PROVIDED RECORDS:
>>>>>

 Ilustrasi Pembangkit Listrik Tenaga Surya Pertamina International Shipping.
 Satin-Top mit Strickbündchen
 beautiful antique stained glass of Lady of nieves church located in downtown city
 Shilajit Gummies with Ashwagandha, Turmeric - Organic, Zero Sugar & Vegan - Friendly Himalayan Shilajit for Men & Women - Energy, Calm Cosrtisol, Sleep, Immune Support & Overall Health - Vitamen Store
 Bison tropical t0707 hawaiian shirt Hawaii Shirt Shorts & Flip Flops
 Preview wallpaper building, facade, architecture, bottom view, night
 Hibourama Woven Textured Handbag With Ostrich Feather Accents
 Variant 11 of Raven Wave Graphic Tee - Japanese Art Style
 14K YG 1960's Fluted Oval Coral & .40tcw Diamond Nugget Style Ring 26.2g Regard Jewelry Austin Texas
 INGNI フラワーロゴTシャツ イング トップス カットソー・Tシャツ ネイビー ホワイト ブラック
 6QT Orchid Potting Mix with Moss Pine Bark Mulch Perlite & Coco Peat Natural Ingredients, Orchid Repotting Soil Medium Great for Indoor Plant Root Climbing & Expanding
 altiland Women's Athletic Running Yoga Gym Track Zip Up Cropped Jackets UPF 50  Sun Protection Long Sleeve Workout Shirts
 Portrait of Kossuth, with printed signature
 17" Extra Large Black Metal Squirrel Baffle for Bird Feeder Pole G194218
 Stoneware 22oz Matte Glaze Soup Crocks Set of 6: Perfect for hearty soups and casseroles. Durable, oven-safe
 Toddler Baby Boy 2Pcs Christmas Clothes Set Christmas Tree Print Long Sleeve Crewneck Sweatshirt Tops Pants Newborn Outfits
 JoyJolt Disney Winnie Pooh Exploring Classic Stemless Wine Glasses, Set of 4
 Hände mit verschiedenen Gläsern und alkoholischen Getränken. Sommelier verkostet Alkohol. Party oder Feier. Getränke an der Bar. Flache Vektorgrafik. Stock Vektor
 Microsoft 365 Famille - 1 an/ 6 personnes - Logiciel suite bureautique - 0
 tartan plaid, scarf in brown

<<<<<

PROBLEM DESCRIPTION: Copy out exactly the lines that run from the one holding "Hände mit verschiedenen" through the end of the data above.

YOUR RESPONSE:
 Hände mit verschiedenen Gläsern und alkoholischen Getränken. Sommelier verkostet Alkohol. Party oder Feier. Getränke an der Bar. Flache Vektorgrafik. Stock Vektor
 Microsoft 365 Famille - 1 an/ 6 personnes - Logiciel suite bureautique - 0
 tartan plaid, scarf in brown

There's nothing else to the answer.